--- HOW TO COMPLETE THIS TASK ---
Tally up the lines below that carry the word "photo", answering with the figure alone.

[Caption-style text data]
[Start of Attachment]

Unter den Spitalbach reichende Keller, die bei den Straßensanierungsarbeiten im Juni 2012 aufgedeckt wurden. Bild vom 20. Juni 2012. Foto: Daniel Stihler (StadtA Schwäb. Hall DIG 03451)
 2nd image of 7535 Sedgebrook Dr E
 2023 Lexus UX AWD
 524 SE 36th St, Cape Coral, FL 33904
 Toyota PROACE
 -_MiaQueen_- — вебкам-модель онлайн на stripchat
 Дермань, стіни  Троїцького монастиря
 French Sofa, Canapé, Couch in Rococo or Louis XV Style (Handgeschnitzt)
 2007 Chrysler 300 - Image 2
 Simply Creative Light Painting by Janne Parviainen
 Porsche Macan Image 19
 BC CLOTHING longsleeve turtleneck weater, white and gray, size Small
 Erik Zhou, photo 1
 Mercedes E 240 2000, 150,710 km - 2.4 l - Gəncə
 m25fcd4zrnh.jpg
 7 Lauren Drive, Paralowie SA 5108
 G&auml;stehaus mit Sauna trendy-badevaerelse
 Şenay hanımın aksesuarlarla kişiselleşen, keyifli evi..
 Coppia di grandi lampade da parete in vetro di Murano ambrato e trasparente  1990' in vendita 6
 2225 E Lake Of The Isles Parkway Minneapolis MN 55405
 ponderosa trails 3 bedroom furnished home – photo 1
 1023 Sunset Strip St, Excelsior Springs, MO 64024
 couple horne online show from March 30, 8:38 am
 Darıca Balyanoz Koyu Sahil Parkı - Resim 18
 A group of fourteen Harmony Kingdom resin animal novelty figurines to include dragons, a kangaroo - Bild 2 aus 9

[End of Attachment]

--- RESPONSE BOX ---
2